Review Summary: Skrillex is in trouble
Skrillex’ success at the Grammies earlier in February seemed like the nail in the coffin for dubstep and electronic music; this most unsubtle and graceless of musicians, with his wirrs and his wobs, had finally hit the big-time. Thank the heavens for Will Bevan.
Fresh from his collaborations with Massive Attack, Four Tet and Radiohead frontman Thom Yorke,
Kindred is his second solo EP since 2007’s
Untrue, a record that was truly a landmark in minimal electronic music. Much like last year’s
Street Halo, Kindred builds on the template Burial set himself with Untrue (and for basically every minimal electronic artist since, be it Mount Kimbie’s relaxing vibes or James Blakes’ isolated emotional atmospherics). However, with two of the three tracks stretching over ten minutes, the ambition has been ramped up tenfold.
‘Kindred’ opens up the EP with the chopped-up beats you’d expect from Burial, but eventually these are overshadowed by the murkiest bassline heard from him yet, before giving way too a mournful vocal sample and haunting ambience that hints more at oncoming dread and tragedy than the desolated cities at night from Burial records of yore.

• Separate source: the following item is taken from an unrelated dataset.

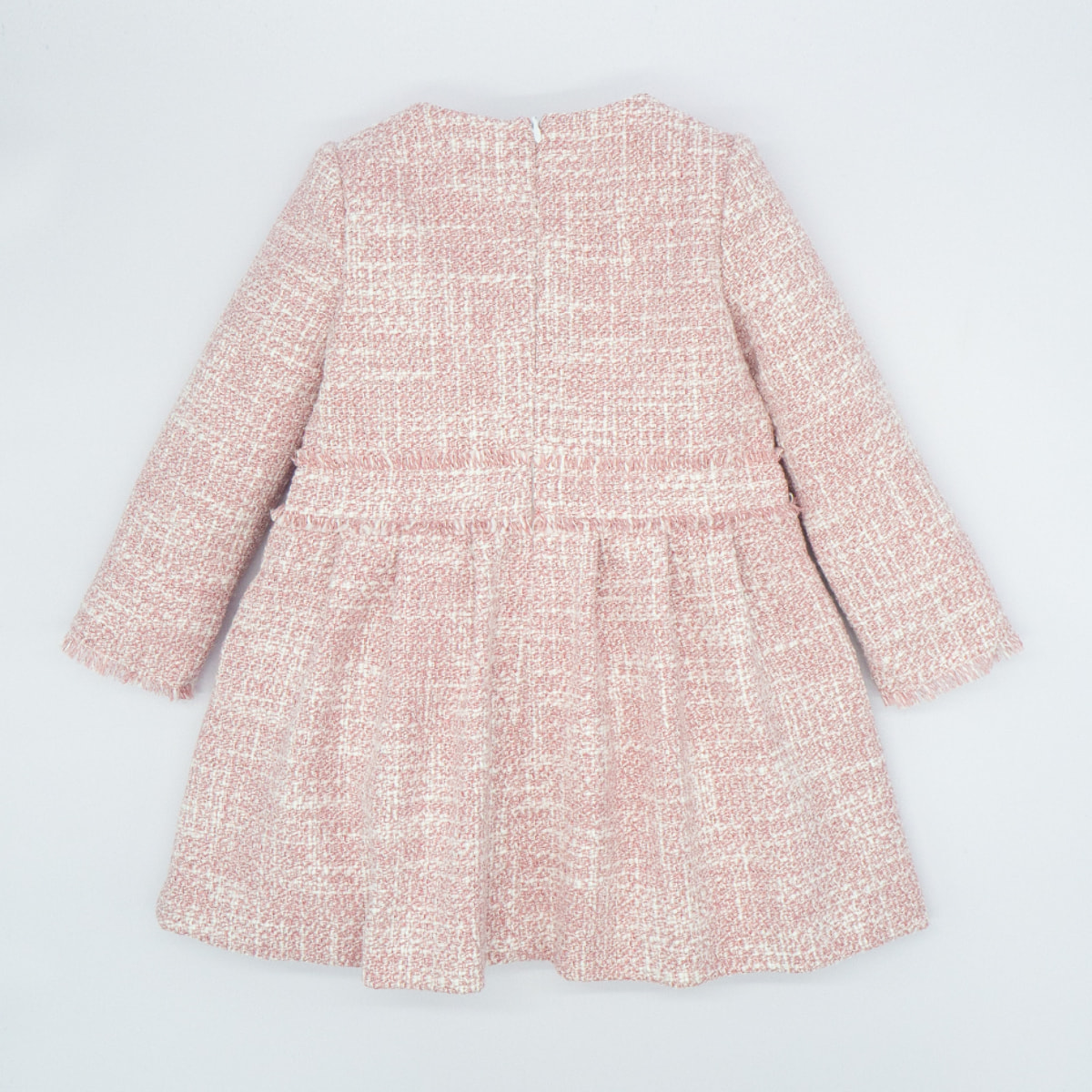 VESTIDO CINTURÓN TWEED ROSA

‘Ashtray Wasp’ is the best of the three tracks, becoming more of a suite with all its false starts, the track evolving with every passing minute. It possesses the most ominous beat Bevan has laid down yet, sounding like the marching feet of a shambling zombie horde. When this clears away, we’re left with more haunting ambience, as the zombies unleash have unleashed their destruction, leaving little in sight.
If
Untrue was meant to represent the desolate night-time cityscapes of post-rave urban Britain,
Kindred represents its shambling zombified return; menacing, and back with a vengeance. Skrillex, watch out.